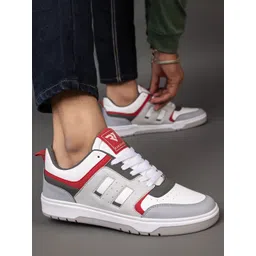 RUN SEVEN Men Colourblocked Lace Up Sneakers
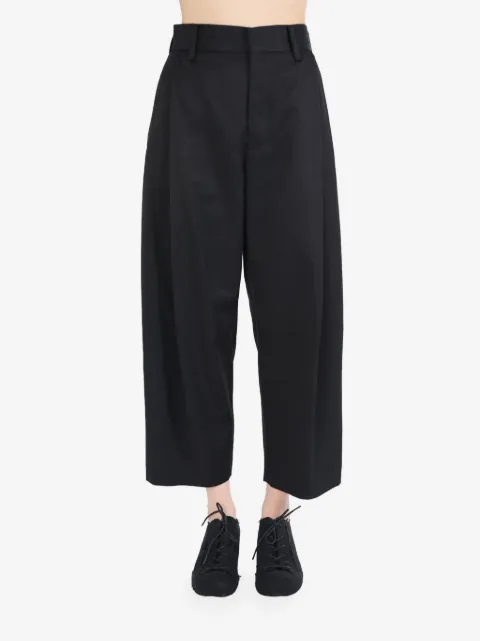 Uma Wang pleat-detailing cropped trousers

^^^^

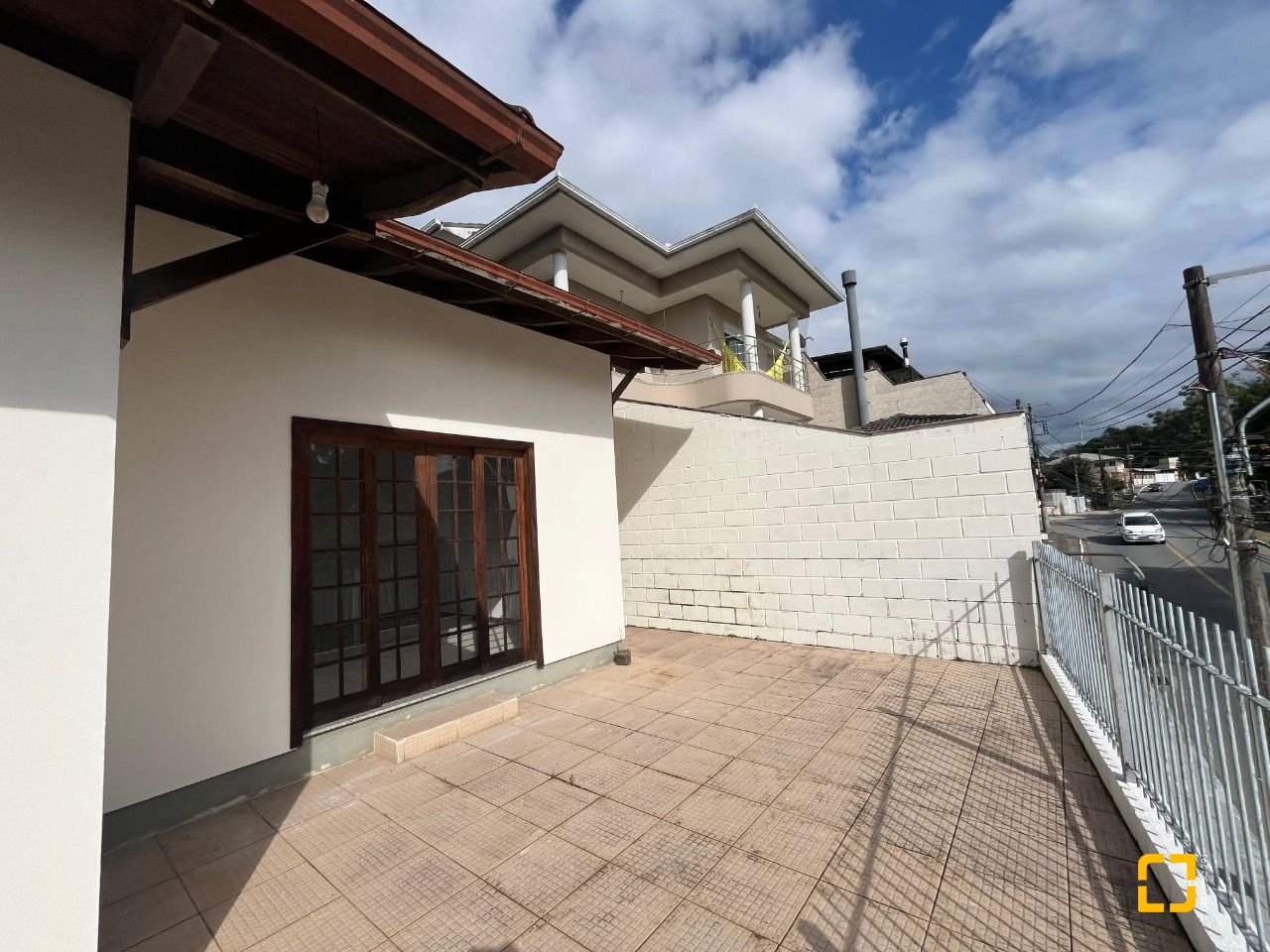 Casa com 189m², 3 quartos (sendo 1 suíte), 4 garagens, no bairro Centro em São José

^^^^

Task to complete: From the records above, write out exactly the lines that begin at the line with "RUN SEVEN Men Colourblocked Lace Up Sneakers" and end at the line with "Uma Wang pleat-detailing cropped trousers". Pictures must not appear in the output.

Problem solution:
 RUN SEVEN Men Colourblocked Lace Up Sneakers
 Uma Wang pleat-detailing cropped trousers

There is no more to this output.